The early history of Ukraine is also an important chapter in the history of Russia. Kyyiv was the center of the Rus principality in the 11th and 12th centuries ad, and it is still known as the Mother of Russian Cities. In the 13th century the area was invaded by Tatar-Mongols, who inflicted extensive damage. The western Ukrainian principality of Galicia, founded in the 12th century, suffered less from the Mongol invasion than the rest of the area, and was annexed by Poland in the 14th century. At about the same time Kyyiv and the Ukrainian principality of Volhynia were conquered by Lithuania and later came, with the latter country, into the possession of Poland. Poland, however, could not subjugate the Ukrainian cossacks, who allied themselves with Russia. The lands east of the Dnepr River were ceded to Russia in 1667 (some parts of Ukraine had been annexed by Muscovy much earlier), and the remainder of Ukraine, except for Galicia (part of the Austrian Empire; 1772-1919), was incorporated into the Russian Empire after the second partition of Poland in 1793.

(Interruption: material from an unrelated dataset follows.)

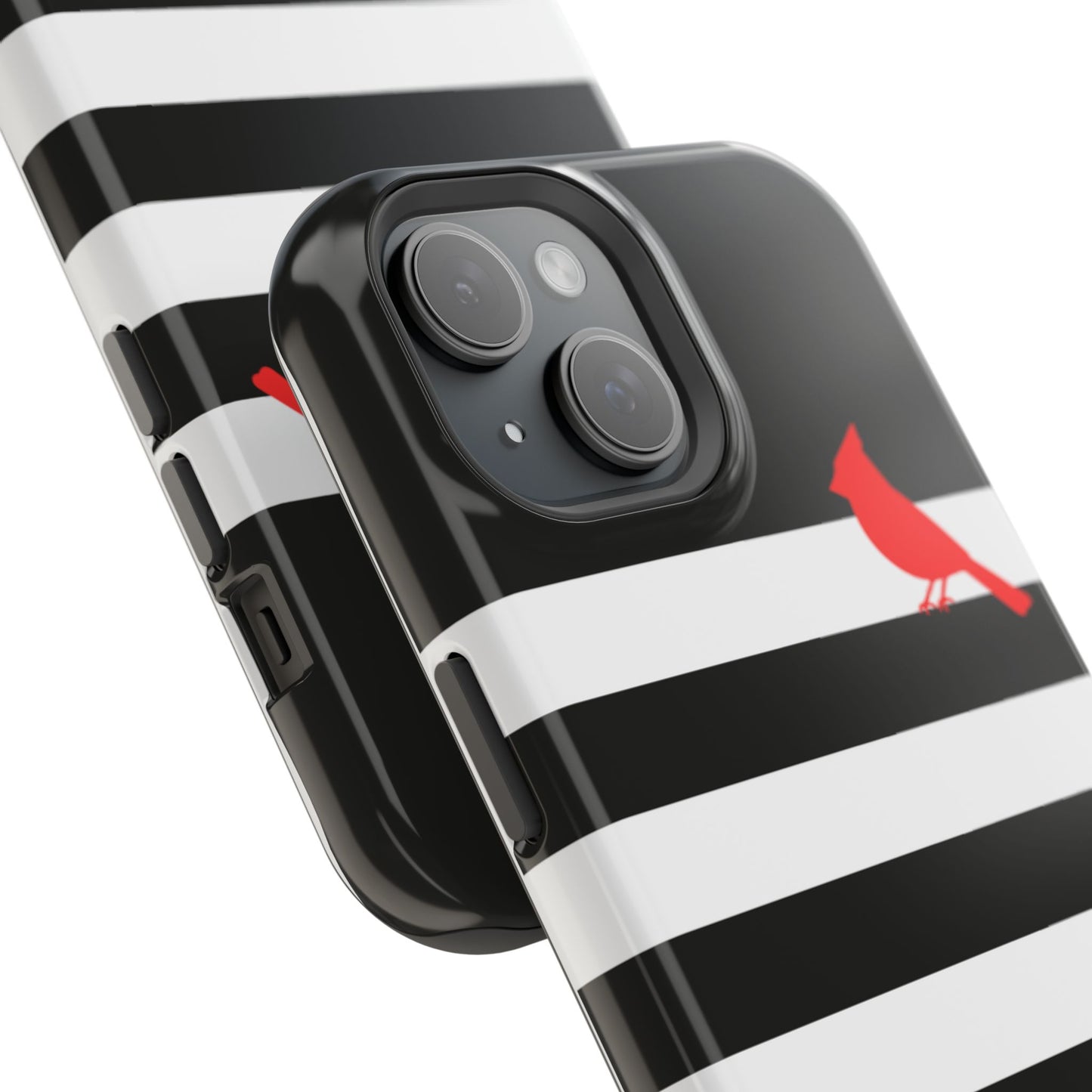 osbina | MagSafe compatible for iPhone | Redbird Edition Thinking of You Phone Case Black & White Stripe | Inspired By Collection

The Ukrainians under Austrian rule in Galicia and Bukovina and in the region of Hungary known as the Carpatho-Ukraine preserved their identity as a separate group and engendered a forceful nationalist movement; in 1917, the Ukrainians in Russia established an independent republic following the Bolshevik Revolution. Austrian Ukraine proclaimed itself a republic in 1918 and was federated with its Russian counterpart; the Allies took little cognizance of Ukrainian claims for Galicia, however, and following World War I (1914-18) awarded that area to Poland. In 1919 the Russian Ukrainian republic, under the leader Simon Petlyura, declared war on Poland. In the same year Ukrainian Communists established a second government and declared the existence of the Ukrainian SSR. In 1920 the advance of the Russian Bolshevik armies caused the Petlyura government and Poland to become allies; they were too weak, however, to prevent the Soviet government from assuming control of the country. In 1922 Communist Ukrainian delegate s joined in the formation of the USSR.
In the period between 1922 and 1939 drastic efforts were made by the USSR to suppress Ukrainian nationalism. Ukraine suffered terribly from the forced collectivization of agriculture and the expropriation of foodstuffs from the countryside; the result was the famine of 1932-33, when more than seven million people died. The ultimate goal of Ukrainian nationalism was the independence of a Greater Ukraine, embracing Russian Ukraine, Polish Galicia, and Czechoslovakian Ruthenia.
Following the Soviet seizure of eastern Poland in September 1939, Polish Galicia, comprising nearly 62,160 sq km (24,000 sq mi), was incorporated into the Ukrainian SSR. When the Germans invaded Ukraine in 1941 during World War II (1939-45), Ukrainian nationalists hoped that an autonomous or independent Ukrainian republic would be set up under German protection. Much to their disappointment, the Germans not only divided Russian Ukraine and West Ukraine (Galicia) but came as hostile conquerors. Ukraine was retaken by the USSR in 1944. In the same year parts of Bessarabia and northern Bukovina were added to it, and the Ruthenian region of Czechoslovakia was added in 1945. The Ukrainian SSR became a charter member of the United Nations in 1945. The Crimean region in Russia was added to Ukraine in 1954. Communism in the USSR collapsed in 1991. At the end of 1991, the USSR ceased to exist, and Ukraine became an independent republic.
After independence, political tension developed in Ukraine over several domestic and international issues. Crimea, which was part of Russia until 1954, became a source of contention between Moscow and Kyyiv. Shortly after Ukrainian independence in 1991, a Russian-led movement to secede from Ukraine was formed in Crimea, which succeeded in changing the status of the Crimean oblast to an autonomous republic. Crimea also issued a declaration of independence, which was rescinded in May 1992. In the same month, however, the Supreme Soviet of Russia declared the 1954 transfer of Crimea null and void. The Russian Supreme Soviet also laid claim to the Crimean port city of Sevastopol', the home port of the 350-ship Black Sea Fleet, despite an agreement to divide the fleet, which was signed by President Kravchuk and Russian President Boris Yeltsin (1991- ) in August 1992. Conflict between Ukraine and Russia also developed over several other issues, including possession and transfer of nuclear weapons, delivery of Russian fuel to Ukraine, the division of Soviet assets, and military and political integration within the CIS.
A second separatist movement developed in eastern Ukraine, where coal miners and other workers in eastern Ukraine went on strike in June 1993 to protest the poor state of the economy. A political crisis developed within the government over the pace of economic reform in 1993. In May 1993 Prime Minister Leonid Kuchma (1992- ) threatened to resign if he was not granted additional powers. In response to the threat of resignation, President Kravchuk proposed that the Ukrainian parliament grant Kuchma additional executive powers. The parliament rejected Kuchma's resignation and most of Kravchuk's proposals, but they did grant Kravchuk the power to rule by decree on some economic issues.